Configuration Metric Description
Different LLM Backbone (GPT-5) MLP Avg 85.9→86.5 Ours (w/ human) is optimal with GPT-5
Different LLM Backbone (GPT-3.5) MLP Avg 84.6→85.1 Advantage maintained even with weaker backbones
User Study (ALG vs Control) Performance: p=0.011 ALG framework significantly improves user performance
User Study (ALG vs Control) Completion Time: p<0.001 ALG framework significantly reduces completion time

Key Findings

  • LLM-based methods overall outperform traditional AutoML (OpenFE, AutoGluon), validating the value of semantic understanding in feature engineering.
  • Explicit modeling of utility and uncertainty results in error rate reductions of 7.24% and 9.02% respectively compared to relying solely on LLM heuristics.
  • Human preference feedback consistently brings additional improvements, while the computational overhead (BNN+UCB) accounts for only 2.2% of total time.

Highlights & Insights

  • Applying Bayesian Optimization concepts to LLM-driven feature engineering by decoupling proposal and selection is an elegant engineering design.
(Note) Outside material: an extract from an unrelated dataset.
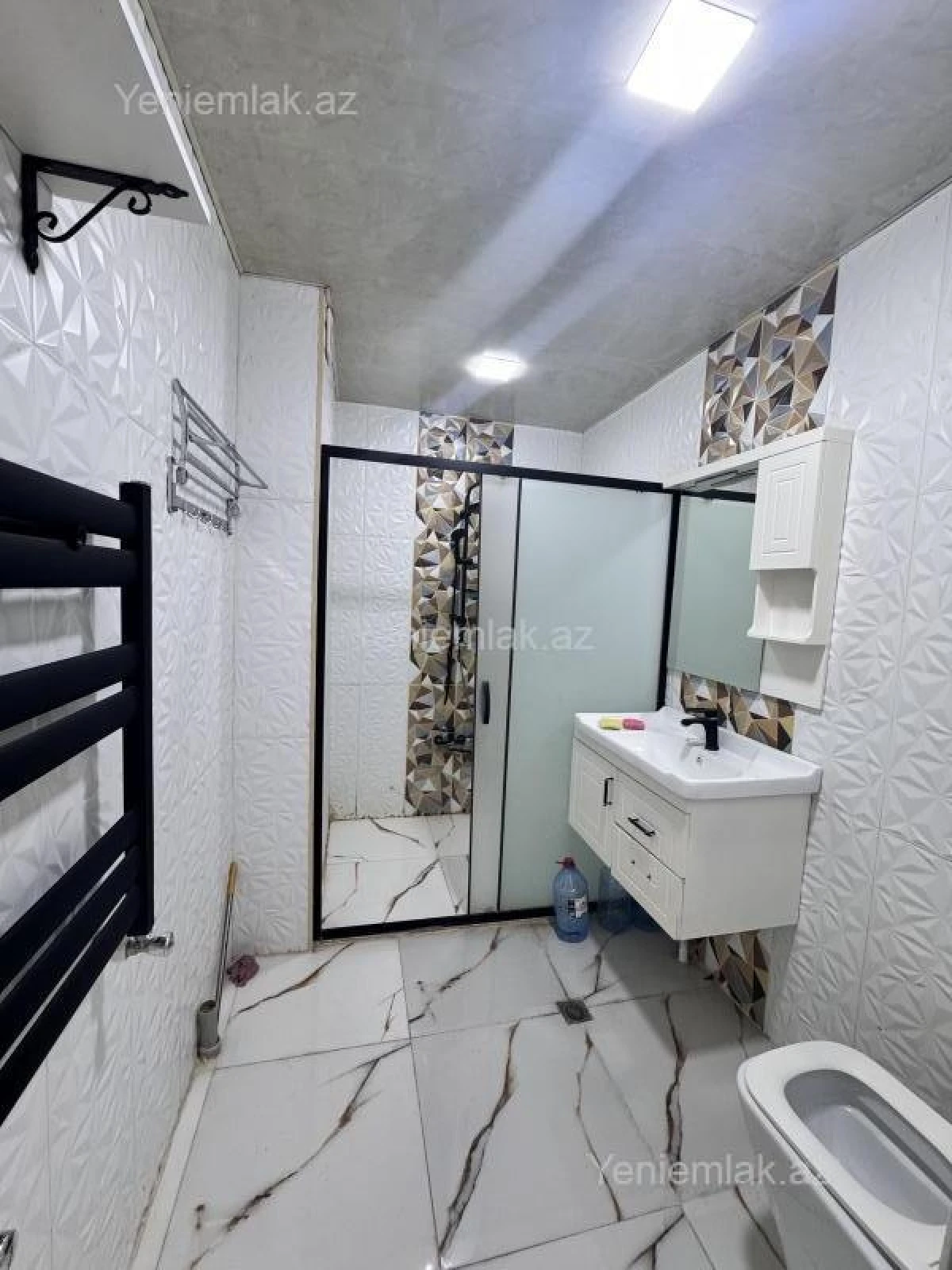 Satılır 3 otaqlı yeni tikili 110 m²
Theoretical guarantees of UCB for balancing exploration/exploitation turn the selection process from a black box into a transparent mechanism.
  • The two conditions of the selective query mechanism (confidence interval overlap + uncertainty gating) have solid theoretical support (Lemma 3.1-3.2), achieving an optimal trade-off between human cognitive cost and information gain.

Limitations & Future Work

  • Human feedback was simulated by GPT-4o in experiments; the actual user study was conducted only on a single dataset, limiting generalizability.
  • The calibration quality of the BNN surrogate model may be poor in early rounds when data is sparse; the cold-start problem is not fully discussed.
  • The framework only considers the utility of individual operations and does not model interaction effects between multiple operation combinations.
  • vs CAAFE: CAAFE lets the LLM both propose and select operations, making it prone to local optima; the proposed decoupling allows for sustained discovery of high-value operations.
  • vs OCTree: OCTree uses decision tree feedback to guide the LLM, but still relies on the LLM's internal heuristics for selection; this work uses BNN for more calibrated utility estimation.
  • vs Traditional Bayesian Optimization: Traditional BO uses GP as a surrogate, which is effective in low-dimensional spaces; this work uses BNN to handle high-dimensional language embedding spaces.

Rating

  • Novelty: ⭐⭐⭐⭐ The framework design of decoupling proposal/selection and introducing human feedback is novel with complete theoretical analysis.
  • Experimental Thoroughness: ⭐⭐⭐⭐ Validated from multiple perspectives including 18 datasets, user studies, and computational scalability analysis.
  • Writing Quality: ⭐⭐⭐⭐ Clear motivation, rigorous theoretical derivation, and comprehensive experimental presentation.
  • Value: ⭐⭐⭐ Practical application scenarios are clear, though LLM API costs are required; the method has good generalizability.